_PROVIDED DATA_:
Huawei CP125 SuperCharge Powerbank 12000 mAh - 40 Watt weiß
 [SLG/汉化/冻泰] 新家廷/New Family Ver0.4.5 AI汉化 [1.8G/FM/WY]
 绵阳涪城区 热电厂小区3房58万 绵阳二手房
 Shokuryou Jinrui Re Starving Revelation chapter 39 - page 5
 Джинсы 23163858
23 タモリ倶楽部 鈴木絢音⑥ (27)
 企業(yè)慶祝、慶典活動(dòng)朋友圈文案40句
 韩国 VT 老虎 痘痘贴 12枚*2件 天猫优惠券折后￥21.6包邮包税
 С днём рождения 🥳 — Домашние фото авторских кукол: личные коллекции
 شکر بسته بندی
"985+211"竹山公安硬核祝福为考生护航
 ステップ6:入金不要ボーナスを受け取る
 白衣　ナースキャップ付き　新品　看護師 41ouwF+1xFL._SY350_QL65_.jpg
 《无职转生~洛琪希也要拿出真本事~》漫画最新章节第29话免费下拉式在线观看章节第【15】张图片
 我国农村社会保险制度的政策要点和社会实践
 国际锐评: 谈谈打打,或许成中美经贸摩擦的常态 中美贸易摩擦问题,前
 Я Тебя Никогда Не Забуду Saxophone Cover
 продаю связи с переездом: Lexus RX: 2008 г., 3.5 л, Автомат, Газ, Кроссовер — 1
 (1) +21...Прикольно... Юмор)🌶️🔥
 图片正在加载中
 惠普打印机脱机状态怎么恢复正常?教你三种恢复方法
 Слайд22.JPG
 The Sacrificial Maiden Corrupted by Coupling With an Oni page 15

_WORK TASK_: Print again the lines of the entries above that fall between the line holding "白衣　ナースキャップ付き　新" and the line holding "Слайд22.JPG", inclusive, exactly as they stand.

_ANSWER TO THE EXERCISE_:
 白衣　ナースキャップ付き　新品　看護師 41ouwF+1xFL._SY350_QL65_.jpg
 《无职转生~洛琪希也要拿出真本事~》漫画最新章节第29话免费下拉式在线观看章节第【15】张图片
 我国农村社会保险制度的政策要点和社会实践
 国际锐评: 谈谈打打,或许成中美经贸摩擦的常态 中美贸易摩擦问题,前
 Я Тебя Никогда Не Забуду Saxophone Cover
 продаю связи с переездом: Lexus RX: 2008 г., 3.5 л, Автомат, Газ, Кроссовер — 1
 (1) +21...Прикольно... Юмор)🌶️🔥
 图片正在加载中
 惠普打印机脱机状态怎么恢复正常?教你三种恢复方法
 Слайд22.JPG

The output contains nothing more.